Ciche przetargi na PPK
15–30 zł – takiej prowizji za pracownika, potencjalnego uczestnika pracowniczych planów kapitałowych, żądają pośrednicy od instytucji, które chcą zarządzać pieniędzmi w tym systemie.
Pierwsze PPK ruszą w połowie roku w największych firmach. Te przystąpiły już do wyboru instytucji finansowych, które będą zarządzać pieniędzmi odkładanymi w systemie przez pracowników. Okazuje się, że część przedsiębiorstw, wybierając takiego zarządcę, korzysta z pośredników, najczęściej brokerów ubezpieczeniowych.
– Zdarzają się przypadki, że taki broker urządza nieformalny przetarg, albo lepiej casting, wśród instytucji, które ubiegają się o zarządzanie pieniędzmi w PPK. Żąda przy tym prowizji za każdego pracownika, potencjalnego uczestnika systemu – mówi anonimowo nasz informator.

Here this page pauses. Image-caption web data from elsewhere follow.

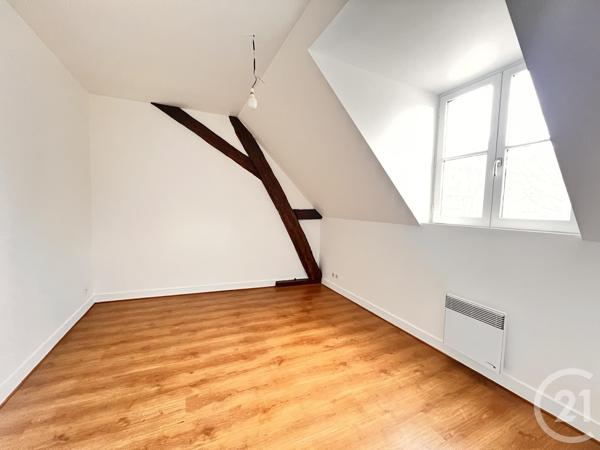 Appartement T2 à vendre  2 pièces - 50,70 m2 TOURS - 37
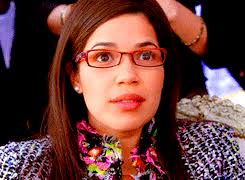 Jenn's Pick: My Top 15 Daniel/Betty Moments ~ Just About Write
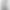Wig COS gray gradient women's wig wholesale cross-border animation European and American wig bleaching and dyeing long curly hair Wig COS gray gradient women's wig wholesale cross-border animation European and American wig bleaching and dyeing long curly hair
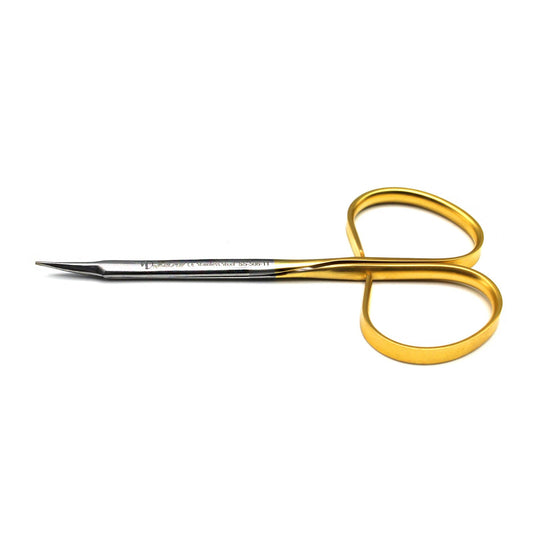 Gradle-Ribbon-Scissors.jpg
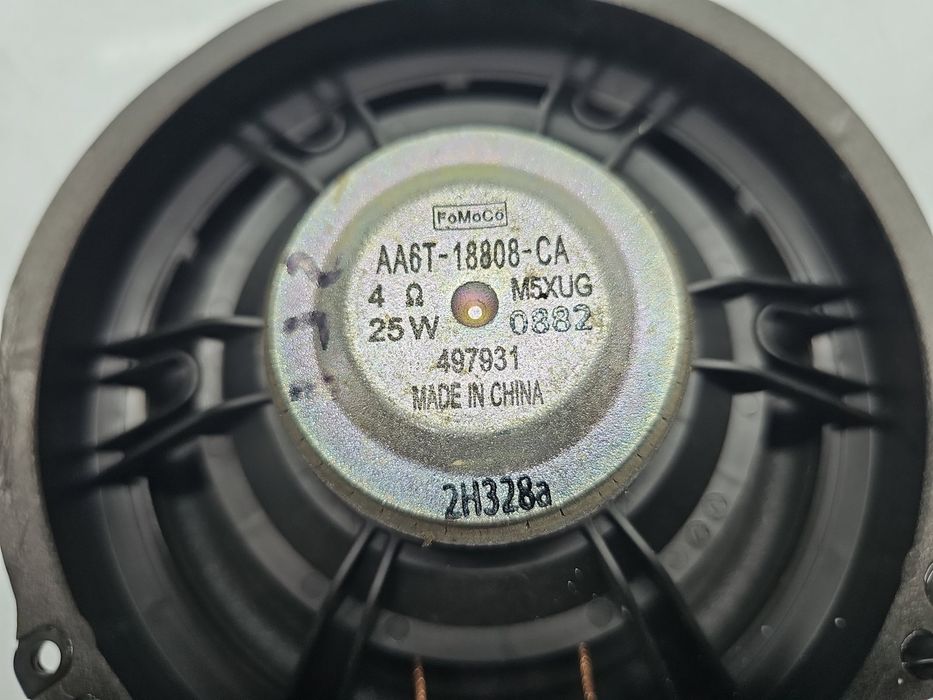 Boxa stanga spate Ford C-Max 2 [Fabr 2010-2015] AA6T-18808-CA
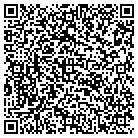 QR code with Moore & Porter Produce Inc contacts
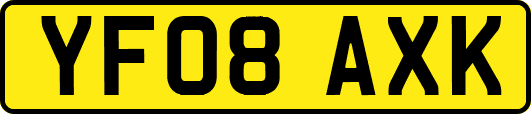 YF08AXK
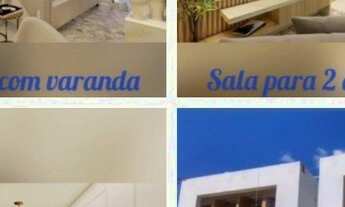 Imagem 5: Pronto Pra Morar,No melhor da liberdade de 165 mil documentaçao gratis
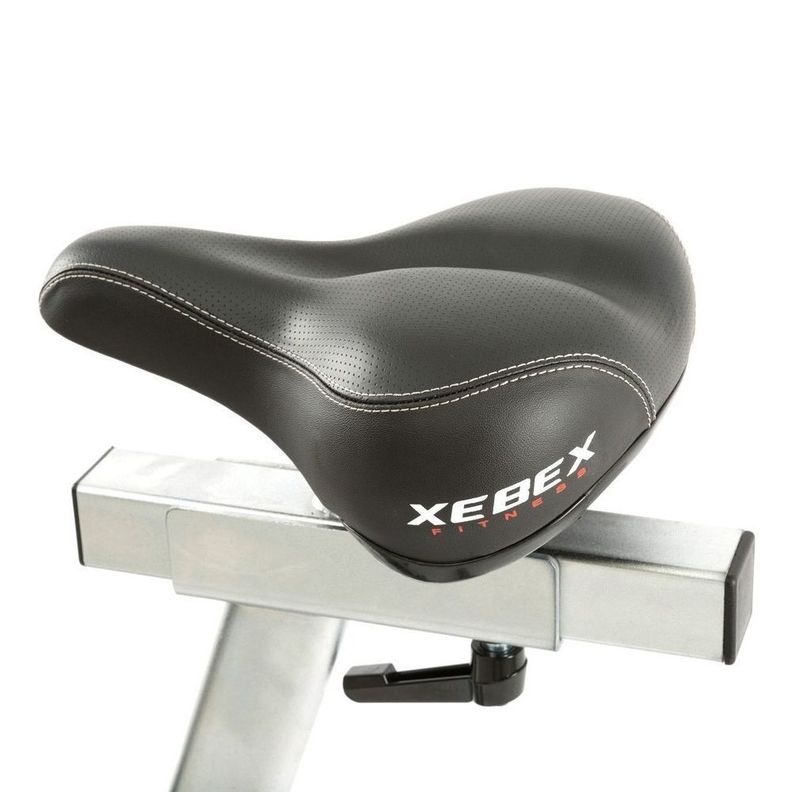  Air Bike Xebex – AB-1-BA Smart Connect – TW-3
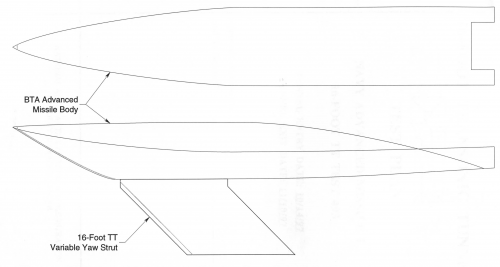 1997-10-14_-_Navy_Advanced_Missile_I_-_Test_493-5.png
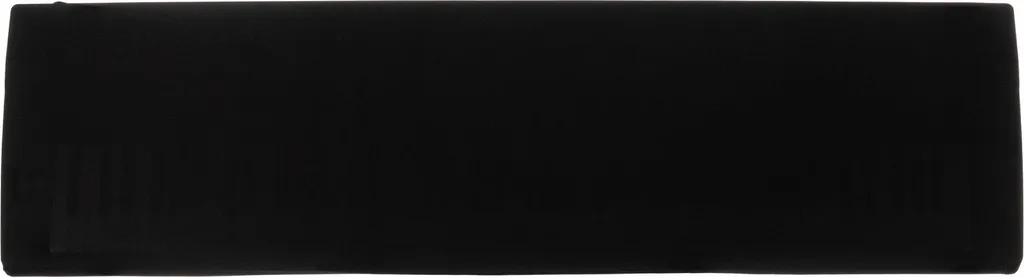 Protège-clavier CoverTone 88 pour piano de scène et studio en tissu
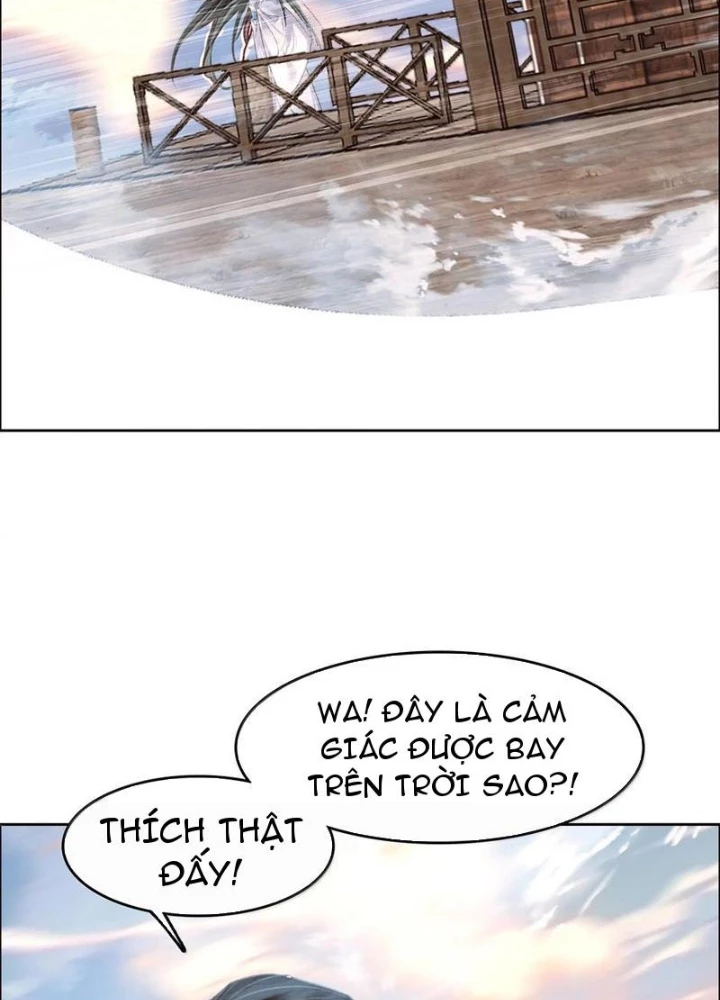 Ta Đây Chính Là Tuyệt Thế Cao Thủ Chapter 81 - Trang 3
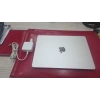 APPLE MACBOOK AIR M2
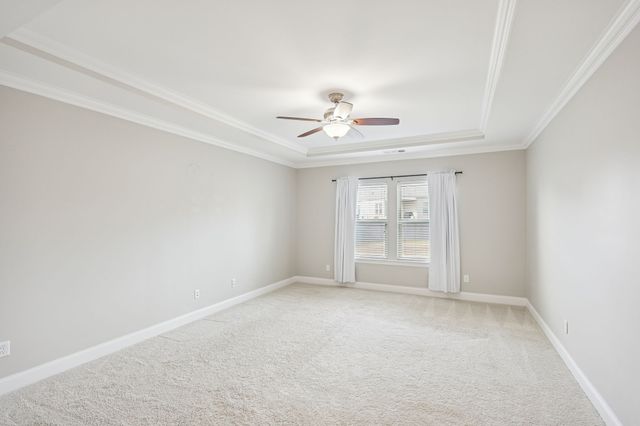 4316 Stone Hall Blvd, Hermitage, TN 37076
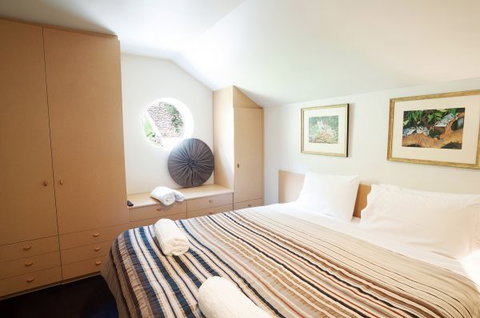 Oberdere Three - Tourism Brisbane 29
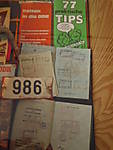 1116she1350.JPG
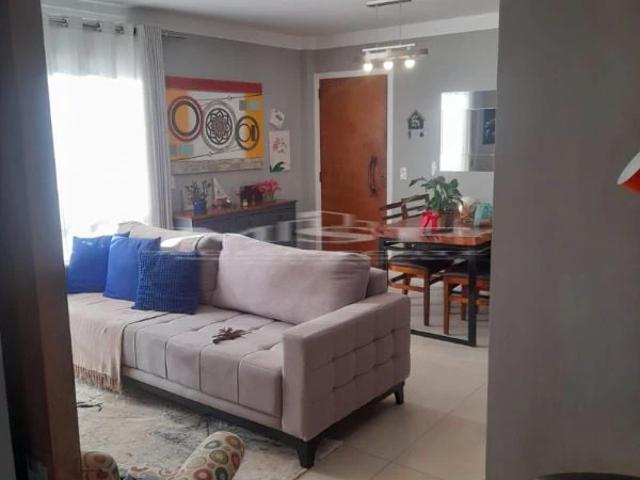 Apartamento venda em Vila Alexandria, São Paulo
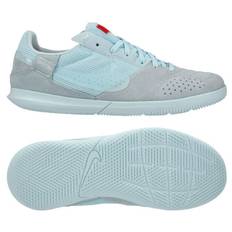 Nike Streetgato IC Small Sided - Blå Barn - Inomhus (IC) - ['Blå'] (35½)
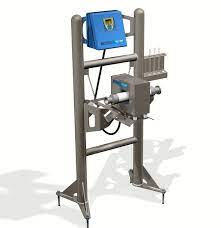 Does razor engine supports for tdd ? Metal Detector 3d Cad Model Library Grabcad
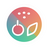 Nomtracker Icon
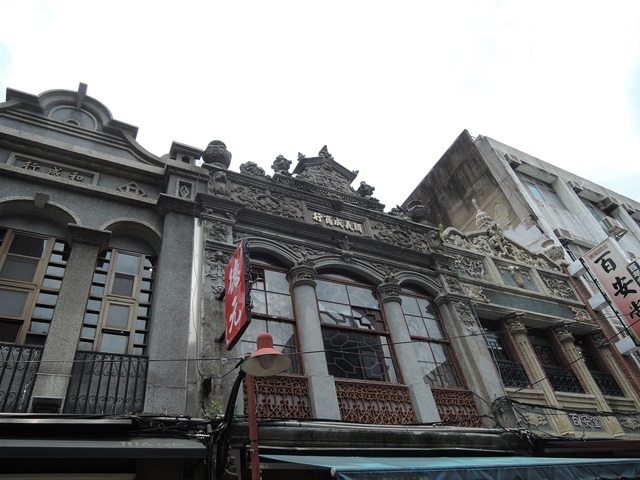 f0373905_14201986.jpg
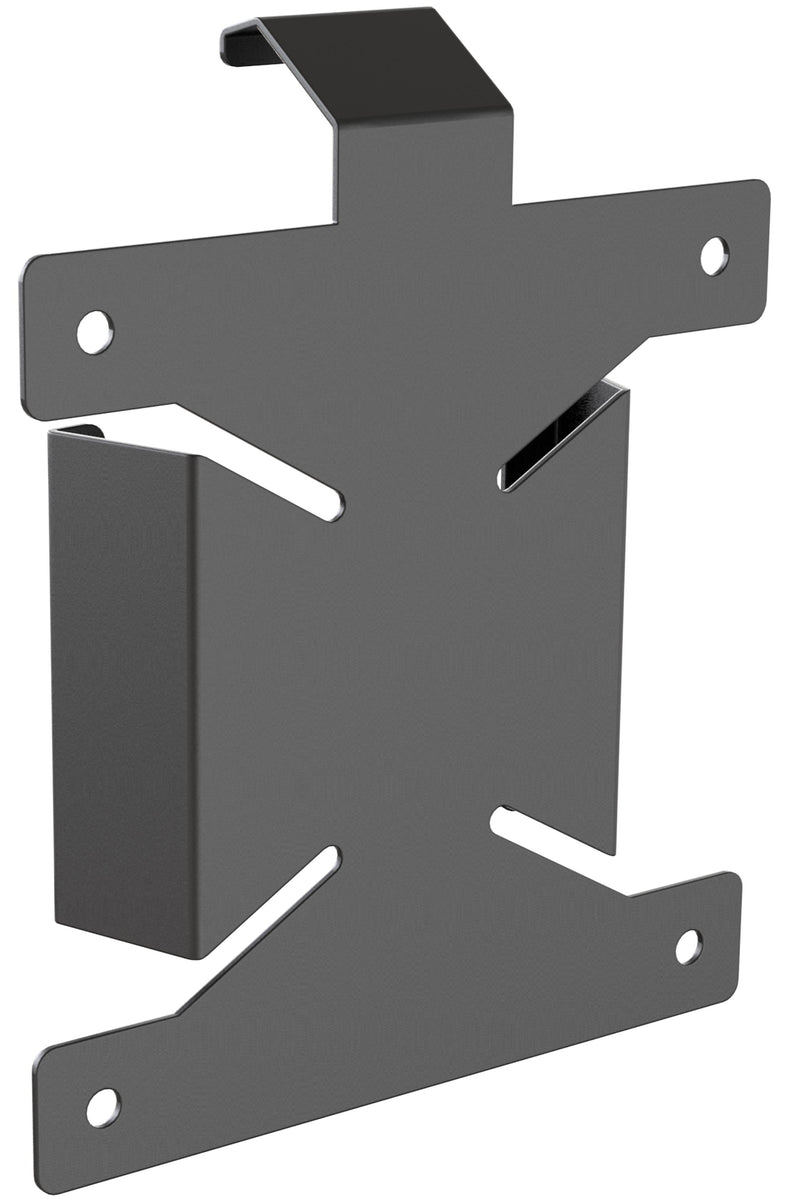 iiyama MD-BRPCV08, Schelle, Schwarz, 1 Stück(e)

Wynosi ona nawet 15–30 zł za członka systemu. W przypadku firm, które zatrudniają kilkadziesiąt tysięcy osób, daje to kwotę kilkuset tysięcy złotych. Według naszego informatora pieniędzmi broker dzieli się z osobami, które zleciły mu poszukiwanie zarządzającego.
– Znam takie przypadki i znam te stawki – potwierdza Marcin Wojewódka z Instytutu Emerytalnego.